Explainable Data-driven Modeling of Adsorption Energy in Heterogeneous Catalysis

Tirtha Vinchurkar,Janghoon Ock,Amir Barati Farimani
2024-05-31
Abstract:The increasing popularity of machine learning (ML) in catalysis has spurred interest in leveraging these techniques to enhance catalyst design. Our study aims to bridge the gap between physics-based studies and data-driven methodologies by integrating ML techniques with eXplainable AI (XAI). Specifically, we employ two XAI techniques: Post-hoc XAI analysis and Symbolic Regression. These techniques help us unravel the correlation between adsorption energy and the properties of the adsorbate-catalyst system. Leveraging a large dataset such as the Open Catalyst Dataset (OC20), we employ a combination of shallow ML techniques and XAI methodologies. Our investigation involves utilizing multiple shallow machine learning techniques to predict adsorption energy, followed by post-hoc analysis for feature importance, inter-feature correlations, and the influence of various feature values on the prediction of adsorption energy. The post-hoc analysis reveals that adsorbate properties exert a greater influence than catalyst properties in our dataset. The top five features based on higher Shapley values are adsorbate electronegativity, the number of adsorbate atoms, catalyst electronegativity, effective coordination number, and the sum of atomic numbers of the adsorbate molecule. There is a positive correlation between catalyst and adsorbate electronegativity with the prediction of adsorption energy. Additionally, symbolic regression yields results consistent with SHAP analysis. It deduces a mathematical relationship indicating that the square of the catalyst electronegativity is directly proportional to the adsorption energy. These consistent correlations resemble those derived from physics-based equations in previous research. Our work establishes a robust framework that integrates ML techniques with XAI, leveraging large datasets like OC20 to enhance catalyst design through model explainability.
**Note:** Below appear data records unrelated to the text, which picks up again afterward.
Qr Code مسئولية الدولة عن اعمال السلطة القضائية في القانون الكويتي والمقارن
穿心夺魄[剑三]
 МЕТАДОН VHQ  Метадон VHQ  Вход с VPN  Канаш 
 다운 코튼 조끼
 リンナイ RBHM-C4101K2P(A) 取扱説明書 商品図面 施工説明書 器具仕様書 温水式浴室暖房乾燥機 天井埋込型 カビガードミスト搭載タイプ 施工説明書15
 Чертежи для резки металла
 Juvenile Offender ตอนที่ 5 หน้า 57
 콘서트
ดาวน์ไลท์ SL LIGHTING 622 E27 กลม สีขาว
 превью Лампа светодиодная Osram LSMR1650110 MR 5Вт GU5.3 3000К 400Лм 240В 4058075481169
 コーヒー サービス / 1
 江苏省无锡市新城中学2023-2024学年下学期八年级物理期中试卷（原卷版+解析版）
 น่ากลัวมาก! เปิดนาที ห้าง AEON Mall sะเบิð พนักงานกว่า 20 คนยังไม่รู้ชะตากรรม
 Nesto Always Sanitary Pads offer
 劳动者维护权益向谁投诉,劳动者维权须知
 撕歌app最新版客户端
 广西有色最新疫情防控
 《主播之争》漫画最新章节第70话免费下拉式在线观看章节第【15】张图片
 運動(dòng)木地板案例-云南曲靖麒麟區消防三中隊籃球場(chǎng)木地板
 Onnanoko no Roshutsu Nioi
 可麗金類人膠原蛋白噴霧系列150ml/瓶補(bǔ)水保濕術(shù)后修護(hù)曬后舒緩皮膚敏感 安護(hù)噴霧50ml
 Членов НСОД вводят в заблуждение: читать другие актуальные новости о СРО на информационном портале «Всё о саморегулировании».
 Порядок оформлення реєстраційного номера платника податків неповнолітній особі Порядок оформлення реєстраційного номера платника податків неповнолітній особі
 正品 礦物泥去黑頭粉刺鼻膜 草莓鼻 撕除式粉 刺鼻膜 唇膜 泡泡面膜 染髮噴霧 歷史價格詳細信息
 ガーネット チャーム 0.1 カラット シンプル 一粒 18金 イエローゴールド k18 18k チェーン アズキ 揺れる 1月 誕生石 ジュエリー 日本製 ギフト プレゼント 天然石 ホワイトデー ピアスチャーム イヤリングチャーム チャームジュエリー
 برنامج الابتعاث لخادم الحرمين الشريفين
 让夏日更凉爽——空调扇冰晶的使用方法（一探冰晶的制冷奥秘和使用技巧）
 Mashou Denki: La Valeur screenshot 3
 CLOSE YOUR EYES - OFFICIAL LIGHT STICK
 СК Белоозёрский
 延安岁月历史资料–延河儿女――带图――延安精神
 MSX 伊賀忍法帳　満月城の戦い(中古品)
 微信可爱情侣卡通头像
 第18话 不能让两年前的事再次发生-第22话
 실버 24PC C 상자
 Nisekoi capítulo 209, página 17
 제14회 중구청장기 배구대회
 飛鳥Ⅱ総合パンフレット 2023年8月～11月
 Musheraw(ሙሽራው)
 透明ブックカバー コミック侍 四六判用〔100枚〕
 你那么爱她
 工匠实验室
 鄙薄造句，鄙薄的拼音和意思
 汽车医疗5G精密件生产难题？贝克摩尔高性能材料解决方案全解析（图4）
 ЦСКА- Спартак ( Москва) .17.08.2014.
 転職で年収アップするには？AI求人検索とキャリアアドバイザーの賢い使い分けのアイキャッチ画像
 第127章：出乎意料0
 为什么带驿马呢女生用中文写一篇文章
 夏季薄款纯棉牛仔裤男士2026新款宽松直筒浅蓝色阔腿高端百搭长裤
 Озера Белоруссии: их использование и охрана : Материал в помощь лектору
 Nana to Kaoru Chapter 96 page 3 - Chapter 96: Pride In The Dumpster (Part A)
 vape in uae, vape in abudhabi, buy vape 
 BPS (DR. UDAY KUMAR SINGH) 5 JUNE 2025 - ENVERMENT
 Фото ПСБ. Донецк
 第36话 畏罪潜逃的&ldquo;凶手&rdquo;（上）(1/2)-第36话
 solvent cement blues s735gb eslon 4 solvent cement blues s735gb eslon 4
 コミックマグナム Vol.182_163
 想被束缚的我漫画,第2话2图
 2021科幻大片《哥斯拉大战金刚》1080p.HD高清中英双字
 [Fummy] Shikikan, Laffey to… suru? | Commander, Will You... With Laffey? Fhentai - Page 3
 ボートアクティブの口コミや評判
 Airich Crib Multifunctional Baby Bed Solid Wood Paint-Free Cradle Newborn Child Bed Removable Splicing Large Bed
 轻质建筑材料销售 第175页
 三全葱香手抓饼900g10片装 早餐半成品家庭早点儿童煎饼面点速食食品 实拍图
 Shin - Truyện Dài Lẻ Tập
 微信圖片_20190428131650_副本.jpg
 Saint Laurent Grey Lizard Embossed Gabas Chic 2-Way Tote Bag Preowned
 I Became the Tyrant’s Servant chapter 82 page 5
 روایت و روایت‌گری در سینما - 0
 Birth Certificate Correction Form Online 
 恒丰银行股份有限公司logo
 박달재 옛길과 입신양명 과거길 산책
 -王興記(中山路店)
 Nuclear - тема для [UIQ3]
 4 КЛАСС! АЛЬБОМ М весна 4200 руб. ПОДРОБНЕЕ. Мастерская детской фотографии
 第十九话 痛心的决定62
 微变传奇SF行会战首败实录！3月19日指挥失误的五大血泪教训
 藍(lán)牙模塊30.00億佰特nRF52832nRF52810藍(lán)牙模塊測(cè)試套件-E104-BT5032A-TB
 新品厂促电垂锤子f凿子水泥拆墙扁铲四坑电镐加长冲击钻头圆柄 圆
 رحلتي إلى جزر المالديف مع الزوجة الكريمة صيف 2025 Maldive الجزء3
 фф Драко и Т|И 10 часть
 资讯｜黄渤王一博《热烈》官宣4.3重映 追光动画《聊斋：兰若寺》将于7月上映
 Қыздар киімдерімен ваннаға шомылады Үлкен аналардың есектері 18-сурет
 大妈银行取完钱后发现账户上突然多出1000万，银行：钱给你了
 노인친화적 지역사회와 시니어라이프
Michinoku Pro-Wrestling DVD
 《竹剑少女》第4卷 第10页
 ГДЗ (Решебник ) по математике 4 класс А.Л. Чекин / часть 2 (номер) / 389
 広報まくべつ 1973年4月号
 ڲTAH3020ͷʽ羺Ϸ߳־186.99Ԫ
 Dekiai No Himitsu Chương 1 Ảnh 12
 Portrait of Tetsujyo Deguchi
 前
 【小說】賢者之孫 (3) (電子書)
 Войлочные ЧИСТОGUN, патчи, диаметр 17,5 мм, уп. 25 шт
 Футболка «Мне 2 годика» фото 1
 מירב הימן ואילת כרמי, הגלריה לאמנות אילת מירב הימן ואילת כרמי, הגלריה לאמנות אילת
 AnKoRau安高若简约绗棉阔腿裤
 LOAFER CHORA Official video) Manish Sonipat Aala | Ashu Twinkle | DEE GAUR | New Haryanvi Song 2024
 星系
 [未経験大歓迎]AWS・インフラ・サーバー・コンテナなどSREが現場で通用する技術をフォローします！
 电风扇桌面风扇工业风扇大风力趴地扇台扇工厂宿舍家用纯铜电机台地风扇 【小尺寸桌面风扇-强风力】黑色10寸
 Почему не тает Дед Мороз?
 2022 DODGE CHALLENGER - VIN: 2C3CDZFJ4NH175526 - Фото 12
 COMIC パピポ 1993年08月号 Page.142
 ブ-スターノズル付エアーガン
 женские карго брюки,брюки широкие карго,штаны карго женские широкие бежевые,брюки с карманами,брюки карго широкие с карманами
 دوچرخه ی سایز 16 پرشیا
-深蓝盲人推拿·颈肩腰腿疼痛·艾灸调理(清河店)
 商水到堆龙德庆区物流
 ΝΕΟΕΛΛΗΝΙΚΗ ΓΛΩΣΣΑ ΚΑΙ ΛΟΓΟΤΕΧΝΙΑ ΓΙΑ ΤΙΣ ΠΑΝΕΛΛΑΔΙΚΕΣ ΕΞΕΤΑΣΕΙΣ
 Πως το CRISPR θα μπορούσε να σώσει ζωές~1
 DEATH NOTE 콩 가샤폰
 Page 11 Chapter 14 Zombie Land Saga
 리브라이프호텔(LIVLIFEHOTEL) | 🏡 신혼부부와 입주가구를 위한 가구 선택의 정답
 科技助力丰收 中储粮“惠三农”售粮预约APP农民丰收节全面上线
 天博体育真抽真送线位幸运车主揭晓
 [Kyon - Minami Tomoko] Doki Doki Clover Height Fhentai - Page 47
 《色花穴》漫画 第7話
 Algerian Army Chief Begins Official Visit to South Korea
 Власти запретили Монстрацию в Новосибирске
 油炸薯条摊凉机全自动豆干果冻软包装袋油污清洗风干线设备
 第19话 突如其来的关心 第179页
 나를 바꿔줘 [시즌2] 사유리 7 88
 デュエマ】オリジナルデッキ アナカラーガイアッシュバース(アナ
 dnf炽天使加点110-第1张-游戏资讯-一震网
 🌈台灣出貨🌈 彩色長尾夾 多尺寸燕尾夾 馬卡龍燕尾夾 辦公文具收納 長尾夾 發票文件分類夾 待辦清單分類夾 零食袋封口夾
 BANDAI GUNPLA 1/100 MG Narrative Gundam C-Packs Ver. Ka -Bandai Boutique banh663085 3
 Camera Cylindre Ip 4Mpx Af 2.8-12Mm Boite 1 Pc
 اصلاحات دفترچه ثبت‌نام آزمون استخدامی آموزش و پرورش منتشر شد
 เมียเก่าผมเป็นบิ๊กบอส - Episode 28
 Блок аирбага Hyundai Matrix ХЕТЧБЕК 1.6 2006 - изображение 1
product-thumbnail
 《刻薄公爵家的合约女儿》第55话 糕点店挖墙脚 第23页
Machine Learning,Chemical Physics
What problem does this paper attempt to address?
The problem this paper attempts to address is to reveal the relationship between adsorption energy and the characteristics of the adsorbate-catalyst system in heterogeneous catalysis by combining machine learning (ML) techniques and explainable artificial intelligence (XAI), particularly post-hoc XAI analysis and symbolic regression. Specifically, the study aims to: 1. **Improve the efficiency of catalyst design**: By predicting adsorption energy, the researchers hope to provide a deeper understanding of catalyst activity and selectivity, thereby optimizing catalyst design to enhance the efficiency and sustainability of chemical reactions. 2. **Bridge the gap between physical research and data-driven methods**: Although machine learning is increasingly applied in the field of catalysis, its "black box" nature limits its contribution to physical insights. This paper introduces XAI techniques, particularly post-hoc XAI analysis and symbolic regression, to enhance the interpretability of models, allowing researchers to better understand the physical mechanisms behind machine learning models. 3. **Identify key factors affecting adsorption energy**: By analyzing the importance of different features and their interactions, the study reveals which factors (such as adsorbate electronegativity, number of adsorbate atoms, catalyst electronegativity, etc.) have a significant impact on the prediction of adsorption energy. 4. **Establish mathematical expressions describing the relationship between input features and adsorption energy**: Through symbolic regression, the researchers derive mathematical formulas that describe the relationship between input features and adsorption energy. These formulas are consistent with physics-based research results, further validating the model's effectiveness. In summary, the main goal of this paper is to enhance the understanding of adsorption energy and its influencing factors by integrating machine learning and XAI techniques, thereby providing strong support for catalyst design.